According to Bloomberg BNEF, in June 2020 there were more than 7 million passenger electric vehicles around the world (compared to 1.5 million in 2016); 2 million of these are in Europe, where, in the first quarter of 2020, the market for electric and hybrid cars did not contract, in contrast to what happened in conventional vehicles.

Italian excellence

In addition to presenting numerical data, the report also describes many examples of Italian excellence: one hundred success stories from the Italian e-mobility industry, from design to car parts, and from sharing services to batteries to charging infrastructure. There are firms like Energica, presented by its CEO Livia Cevolini: it is Italy’s first manufacturer of high-end, 100% electric motorcycles, and the sole motorbike supplier at the FIM Enel MotoE World Cup, the electric motorcycle racing world championship. There is also renowned Italian bicycle manufacturer Atala, which today makes 60% of its revenues from the sale of e-bikes: CEO Massimo Panzeri has announced the company will launch a new ultra-light, pedal-assist model in 2021, made entirely of carbon fibre. This is just one of a number of established “Made in Italy” brands that have converted to sustainable mobility. Another is Pininfarina, represented by CEO Silvio Angori: its Battista is now Italy’s fastest and most powerful luxury e-car.

Component manufacturing represents the heart of the industry, with firms that design and make motors, stators, brakes, electronics or battery packs; FCA has recently invested in the latter field with the opening, as Gorlier pointed out, “of a Battery Hub in Mirafiori, where we will research, design and assemble batteries”. In Turin the Polytechnic is participating in the European Battery 2030+ project: as explained by professor Silvia Bodoardo, who is leading the project in Turin, “We aim to identify the sustainable batteries of the future to make Europe one of the leading players in the field”.

One hundred examples to start over

“The report,” explained Starace, “is an observatory dedicated to issues tied to innovation, sustainability and the circular economy. It collects the stories of companies, research centres and associations that give their own interpretation of these issues, striving to remain competitive and establish a presence in one of the most dynamic sectors in the European economy. It is not by chance that FCA has joined us to become part of this observatory”.

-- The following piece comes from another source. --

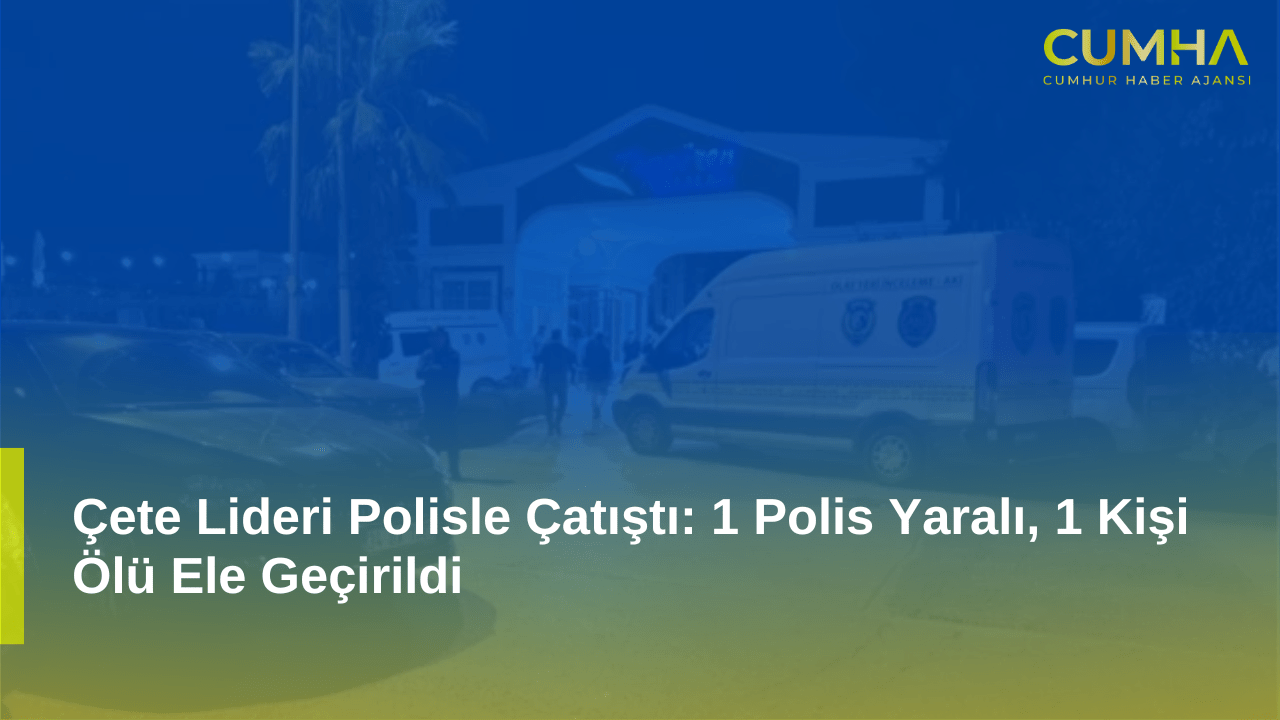 Çete Lideri Polisle Çatıştı: 1 Polis Yaralı, 1 Kişi Ölü Ele Geçirildi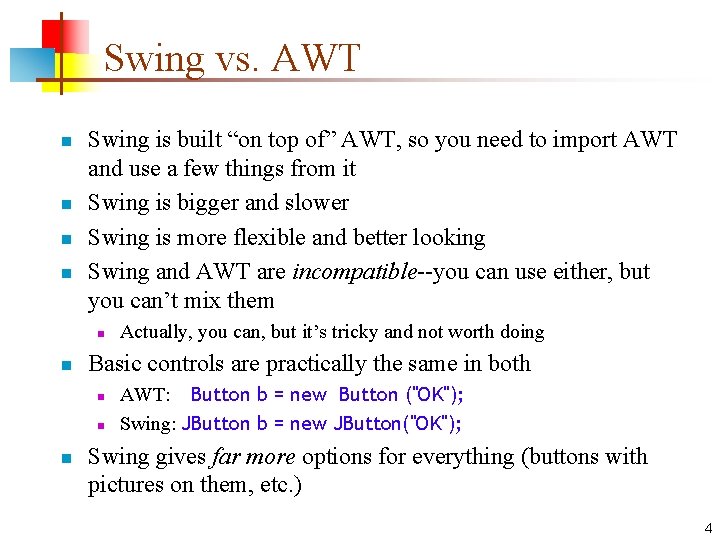 Swing vs. AWT n n Swing is built “on top of” AWT, so you Swing vs. AWT n n Swing is built “on top of” AWT, so you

One of the main announcements this year was indeed the collaboration with FCA. In order to make electric vehicles more accessible for everyone, explained Gorlier, they must be part of an ecosystem “made of public and private charging infrastructure, proportionate energy costs, dedicated parking facilities, and simplified management of public land for the installation of charging stations”. A satisfying user experience is also crucial, underlined Venturini: “Customers must always be able to book a charging station, find it available, charge at the correct power, and make the vehicle available to the network to offer and receive services. Enel X is committed to building this infrastructure to enable all e-vehicle users to travel without problems”.

According to Todde, the future of e-mobility is in smart cities, “because there cannot be a transition if we don’t also change the structure of the urban fabric and the way in which electric mobility is used”. A concept stressed also by Starace, for whom the concentration of the global population in large metropolitan areas demands that we rethink lifestyles, a process which “necessarily entails a sustainable mobility, both public and private, that does not damage the environment”.

According to Realacci, the 100 stories “tell us that Italy is already actively involved in the mobility of the future and that the country has the energy to overcome the current crisis. We need to work together to build an economy and society that are more on a human scale, more aware about the climate crisis as well as fairer, more resilient and competitive”. In the recovery, sustainability and the challenges of climate change can lead us forward. “Because, the only thing that would be worse than this crisis is not taking advantage of it to create a better future”, concluded the President of the Symbola Foundation.